Archive Logs to Amazon S3

This Solution describes how to archive a copy of your logs to Amazon's S3 storage service for long-term storage. (Note that the archived copy cannot be viewed, searched or analyzed from within Scalyr.)

A Solution is a step-by-step guide for accomplishing a specific task, designed to make sense even if you're just getting started with Scalyr server monitoring. If you're new to Scalyr, you should read the short Getting Started guide. For help with other tasks, see the Solutions directory.

Prerequisites

1. An Amazon AWS account.

2. An Amazon S3 bucket (in the us-east-1 region) to hold your archived logs. To create a bucket: log into the AWS console, navigate to the S3 service page, and click Create Bucket.

Steps

1. Give Scalyr permission to add logs to the S3 bucket you'll be using:

  • Log into the AWS console and navigate to the S3 service page.
  • Click on the name of the bucket where archived logs should be written.
  • Click on Permissions.
  • Click Add User.
  • Enter the canonical ID for aws@scalyr.com ( c768943f39940f1a079ee0948ab692883824dcb6049cdf3d7725691bf4f31cbb ) and check the Object Access Read and Write permission check boxes and click Save.

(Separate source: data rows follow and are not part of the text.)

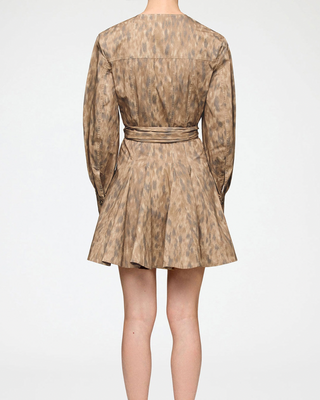 PRINTED STRETCH COTTON MINI SHIRT DRESS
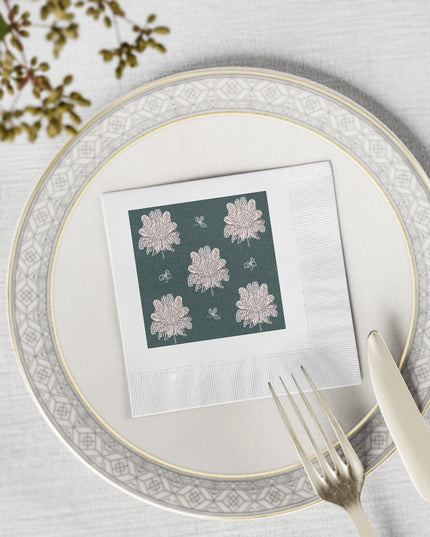 Soft White Floral Butterflies White Coined Napkins, 4.8" x 4.8"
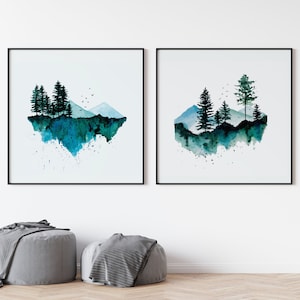 Set van 2 aquarelafdrukken mistige bergen en dennenbos - horizontale landschapsmuurkunst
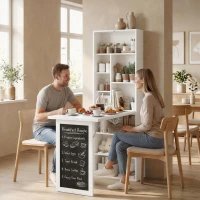 HOMCOM Fold-out Convertible Office Desk, Wall Mount Computer Desk with Blackboard and Side Shelf, White(m-10)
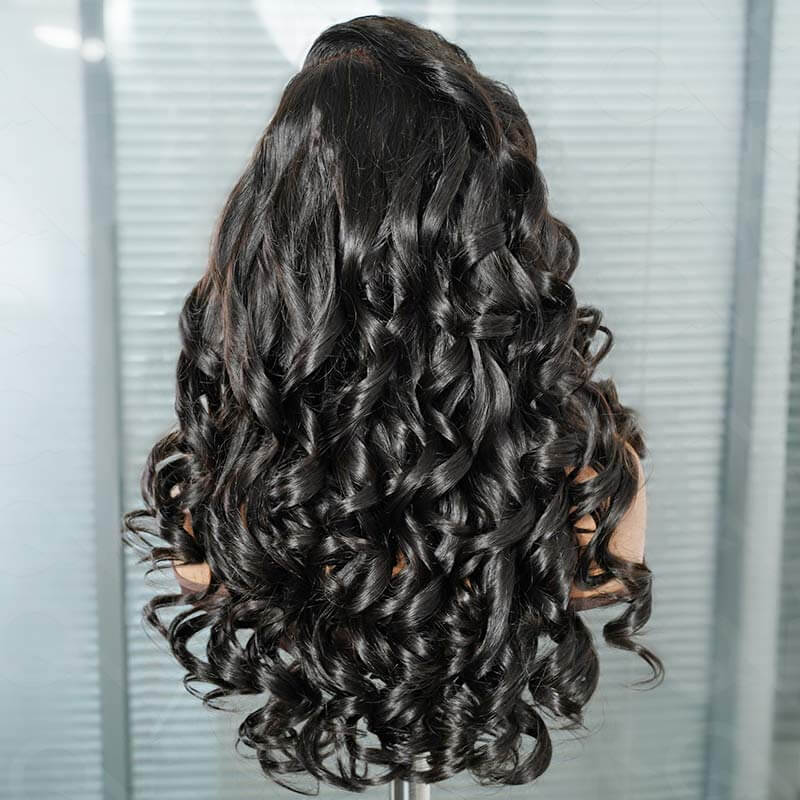 QVR Glueless Loose Body Wave 9x6 Pre-Cut Lace Frontal Wig Black Human Hair Wigs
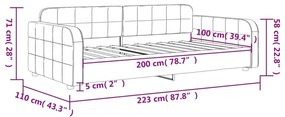 sárga bársony kanapéágy 100 x 200 cm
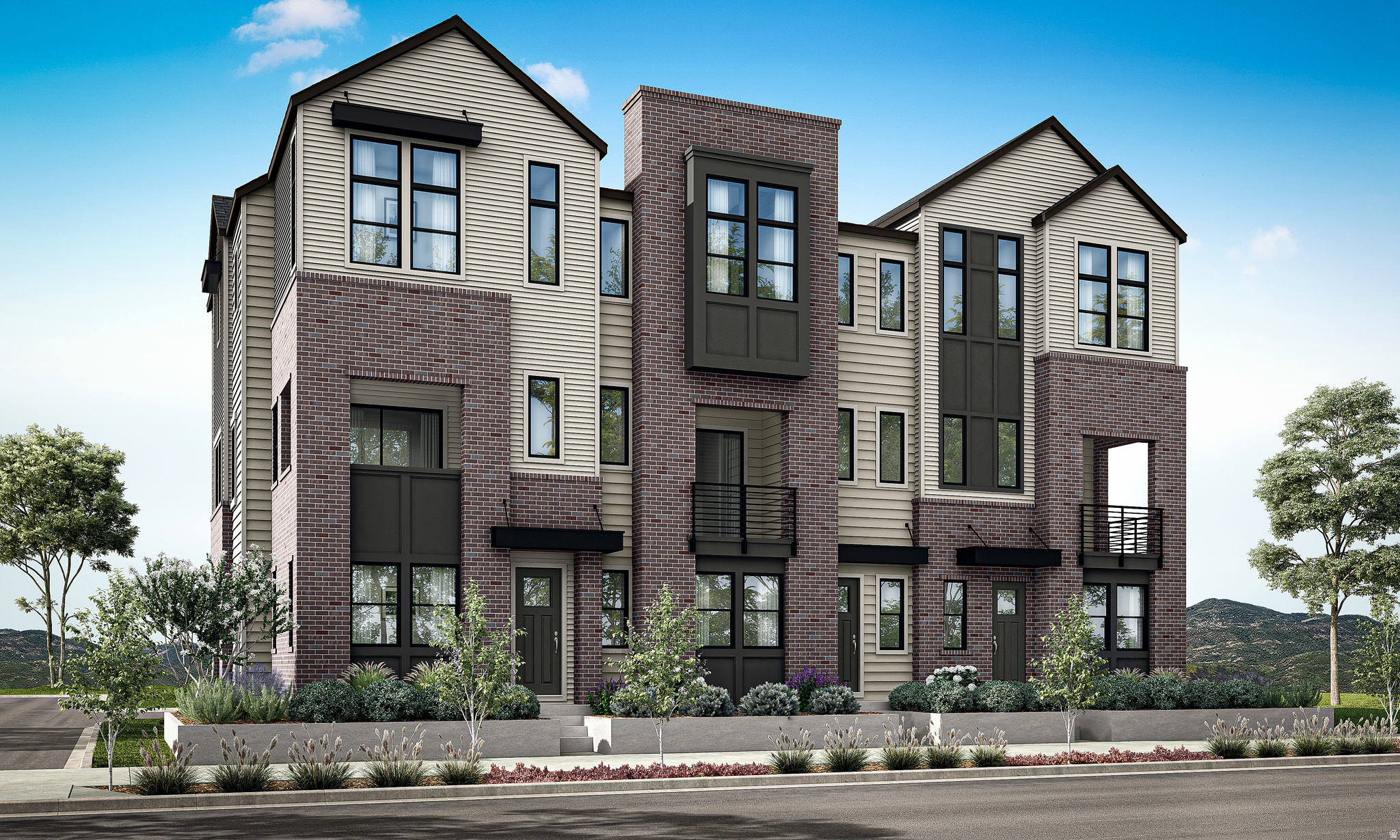 Striking architecture and modern livability come together in this refined brownstone at Aspire at Holladay Hills. Designed with intention and filled with natural light, the home blends elevated style with everyday ease. The main level welcomes you with soaring 10-foot ceilings and expansive living spaces ideal for gathering and entertaining. A chef-inspired kitchen features a walk-in pantry and a convenient home management center, flowing effortlessly into the dining area and great room. Wide stairways enhance the open feel, while covered outdoor living extends your space for year-round enjoyment. Upstairs, three generously sized bedrooms provide comfort and privacy. The primary suite is a true retreat, highlighted by impressive 11.5-foot ceilings and a spa-like bath with dual vanities. The secondary bath also offers dual vanities-an uncommon and highly functional feature that adds everyday convenience. This home is ready to be personalized at the design center. Built by Tri Pointe Homes, Aspire at Holladay Hills presents 57 luxury brownstone-style residences within one of Holladay's most dynamic new walkable communities. Located on the iconic former Cottonwood Mall site, residents enjoy effortless access to boutique shopping, dining, co-working spaces, and stunning Mount Olympus views. With Salt Lake International Airport just 20 minutes away and world-class skiing in the Wasatch Mountains within 25 minutes, this is urban sophistication perfectly positioned for adventure. Square footage figures are provided as a courtesy estimate only and were obtained from Builder. Buyer is advised to obtain an independent measurement.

For example, the Add User form should look like:

2. Open the /scalyr/logs configuration file. Add an s3ArchiveBucket field, containing the name of your S3 bucket. Optionally, you can also add an s3ArchivePathPrefix field (see "Organizing Logs by Day or Month", below). The file should look something like this:

{
  s3ArchiveBucket: "mycorp-log-archive",
  s3ArchivePathPrefix: "{yyyy}/{mm}/{dd}",

  ...
}

Click Update File to save the change.

3. The first batch of logs should be uploaded within a few minutes. To check, go back to the S3 service page in the AWS console and click on the bucket name. If you don't see any logs, wait a few more minutes and then click the refresh icon in the upper-right corner of the S3 console.

Archive Format

Scalyr archives logs in one-hour increments. 10 to 30 minutes after the end of each hour, logs for that hour are written to S3. Each log file from each host creates a separate object in S3. Logs are compressed in gzip format, and are named according to the following pattern:

HOSTNAME_FILENAME_YYYYMMDD_HH.gz

Where YYYY, MM, DD, and HH give the year, month, date, and hour at the beginning of the time period covered by that object, in UTC time. Special characters in the file name are replaced with dashes. For instance:

my-server-1_-var-log-messages_20140924_22.gz

If you would like to use a different format for log archives, please let us know.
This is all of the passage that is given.